### YOUR OBJECTIVE
Write out all records as given; omit images.

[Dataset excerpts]
┌──
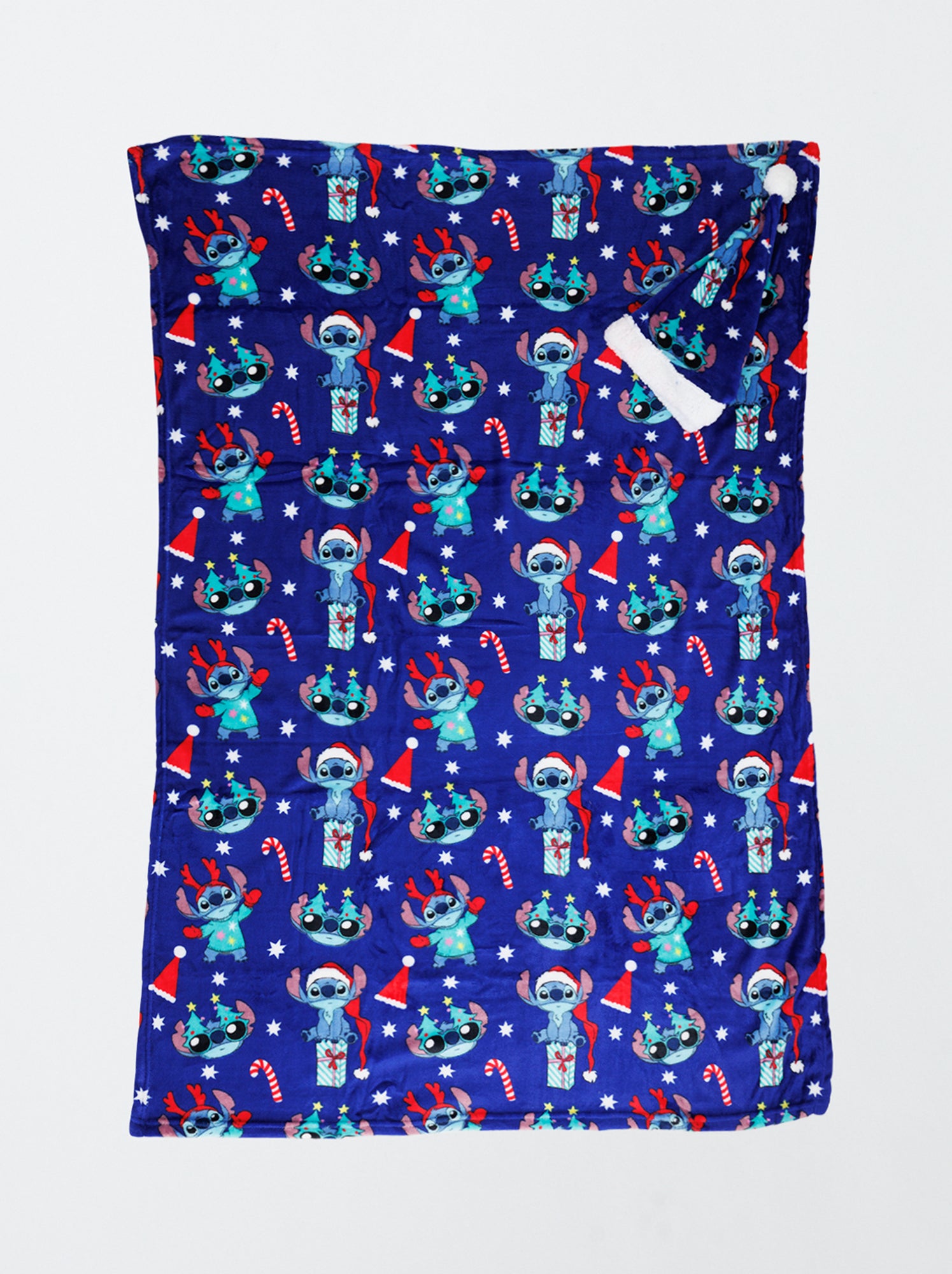 Ensemble plaid + bonnet 'Disney' - Bleu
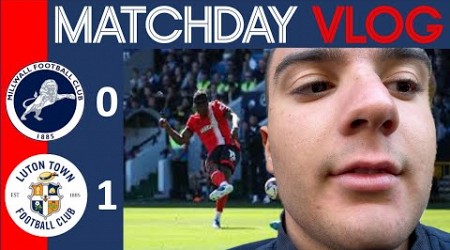 MILLWALL V LUTON TOWN VLOG! ( HORRENDOUS REF )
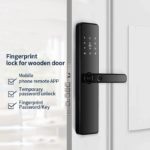 Poignée de Porte Smart Mot de Passe & Empreinte Digitale – Image 4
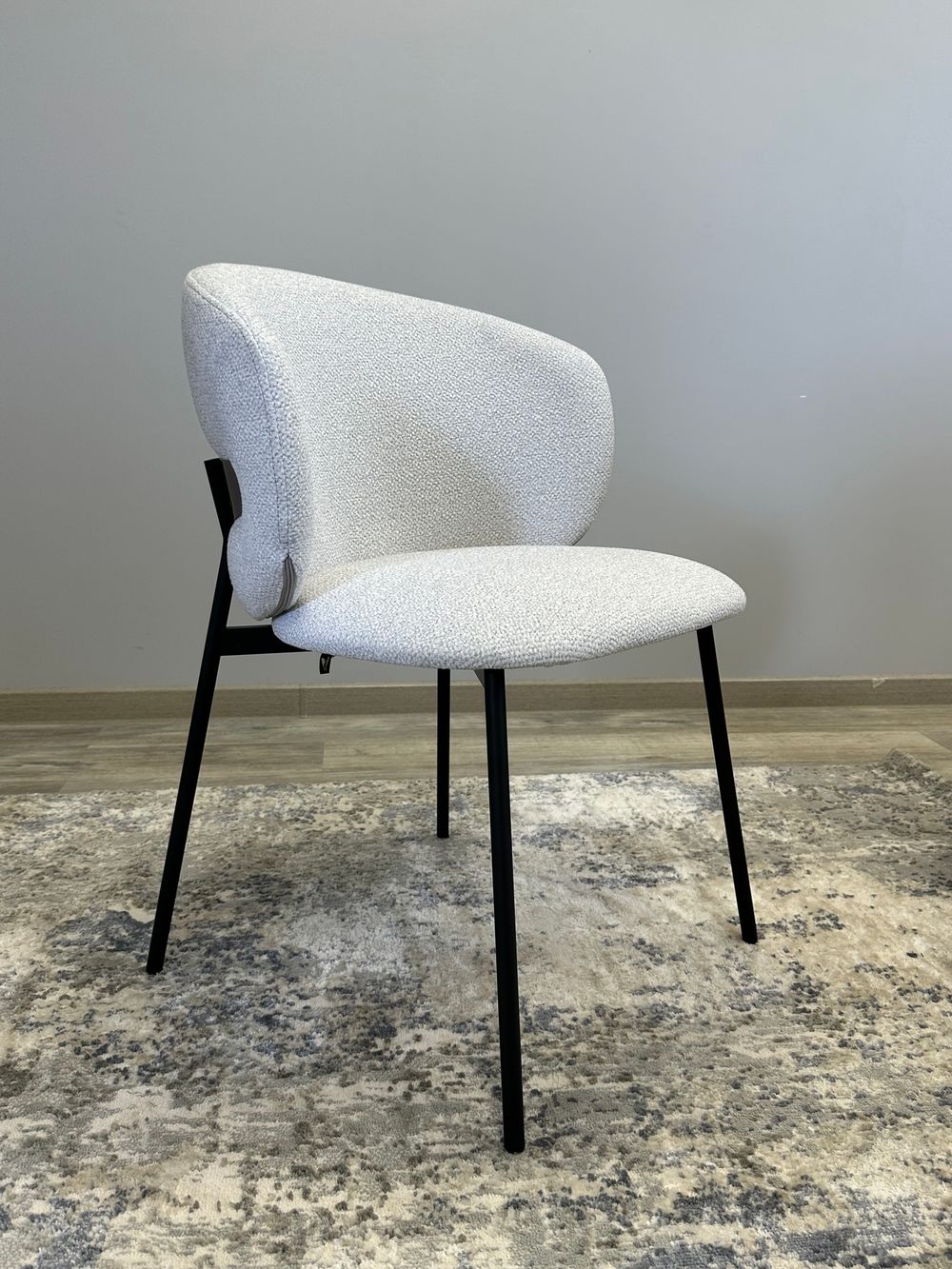 Комплект стульев 2шт KENNER 306SD черный/серебристый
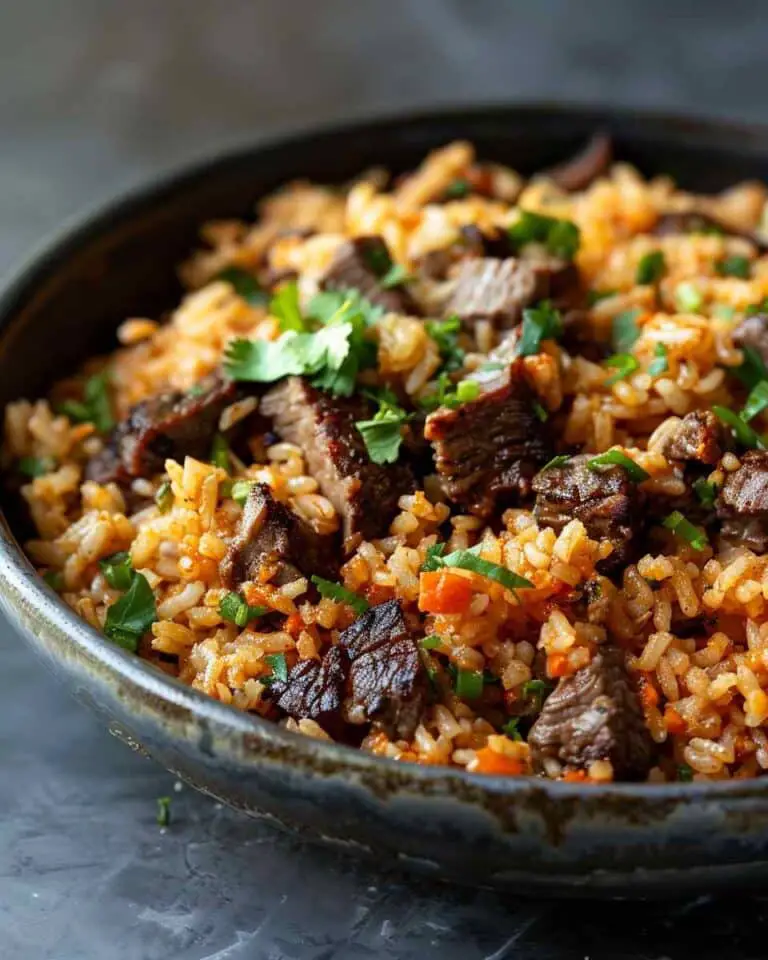 Steak Queso Rice Recipe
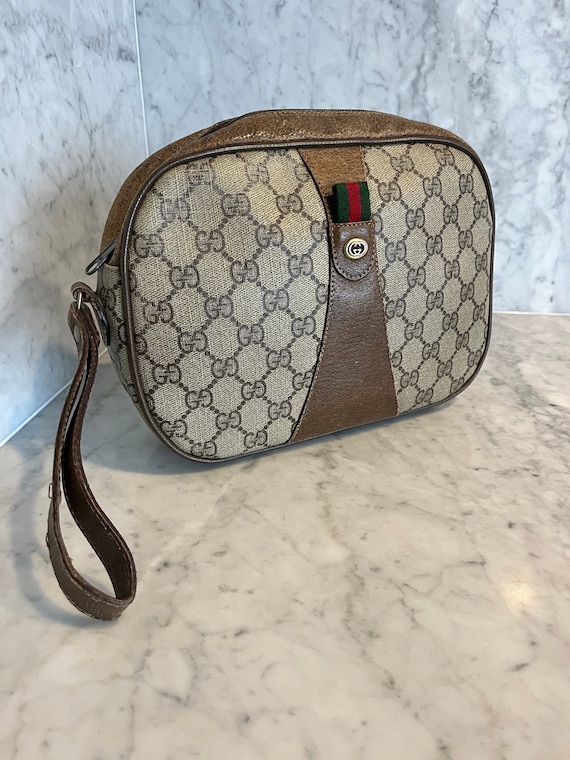 ヴィンテージ GUCCI GGスプリーム ポーチ クラッチバッグ - Etsy 日本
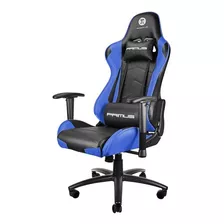 Silla Gamer Primus Thronos100 Reclinable Hasta 135° Azul Material Del Tapizado Fibras Mixtas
└──
### SOLVED PROBLEM
 Ensemble plaid + bonnet 'Disney' - Bleu
 MILLWALL V LUTON TOWN VLOG! ( HORRENDOUS REF )
 Poignée de Porte Smart Mot de Passe & Empreinte Digitale – Image 4
 Комплект стульев 2шт KENNER 306SD черный/серебристый
 Steak Queso Rice Recipe
 ヴィンテージ GUCCI GGスプリーム ポーチ クラッチバッグ - Etsy 日本
 Silla Gamer Primus Thronos100 Reclinable Hasta 135° Azul Material Del Tapizado Fibras Mixtas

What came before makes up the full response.